Fresh Grad Hire - Machine Learning Engineer (Large Model Applications)
moomoo.com
Office
Shenzhen, Guangdong Province, China
Full Time
Futu's AI Team is dedicated to integrating artificial intelligence technology into financial services, building more efficient and intelligent products and services.
The team covers core areas including quantitative research, intelligent investment advisory, search and recommendation systems, Q&A, content generation, and AI platform development.
We look forward to passionate and innovative individuals joining us in exploring the future blueprint of AI in finance.
Key Responsibilities
- Research cutting-edge technologies in areas such as machine learning and natural language processing, including but not limited to large language models (LLMs), multimodal models, world models, generation, dialogue, and information extraction.

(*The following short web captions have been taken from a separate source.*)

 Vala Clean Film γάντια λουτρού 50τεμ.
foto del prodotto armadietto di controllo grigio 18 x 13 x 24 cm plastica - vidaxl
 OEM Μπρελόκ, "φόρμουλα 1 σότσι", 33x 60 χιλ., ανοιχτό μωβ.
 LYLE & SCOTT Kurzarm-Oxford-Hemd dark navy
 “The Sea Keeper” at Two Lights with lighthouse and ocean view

- Apply LLMs to core enterprise scenarios to enhance model performance through methods such as Continued Pretraining, Supervised Fine-Tuning (SFT), Reinforcement Learning (RL), and Retrieval-Augmented Generation (RAG).

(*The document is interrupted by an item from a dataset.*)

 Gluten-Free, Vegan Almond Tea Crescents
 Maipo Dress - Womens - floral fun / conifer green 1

- Explore the application of the most advanced AI technologies, stay abreast of academic and industry trends, contribute to open-source projects or publish research papers, and enhance the team's influence in the field of large models.
Requirements
- Master's or Ph.D. Candidate majoring in Computer Science, Mathematics, or a related field.
- Solid foundation in machine learning, NLP, and LLMs. Strong conceptual and hands-on abilities, excellent research skills. Prior experience in publishing at top-tier conferences (e.g., ACL, EMNLP, NAACL, NeurIPS, ICML, ICLR) or awards in mathematics/programming competitions is a plus.

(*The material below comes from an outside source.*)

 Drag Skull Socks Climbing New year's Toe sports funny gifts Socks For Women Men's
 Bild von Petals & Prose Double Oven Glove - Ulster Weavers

- Passionate about the practical application of AI technology and groundbreaking innovations, committed to combining technological advancement with real-world value.
- Strong self-motivation, agile thinking, pursuit of first principles, courage to tackle unknown challenges, enthusiasm for exploring the technological frontier, and the ability to proactively learn and grow rapidly.
- Open to candidates graduating between January 2025 and August 2026.
*Only shortlisted candidates will be contacted.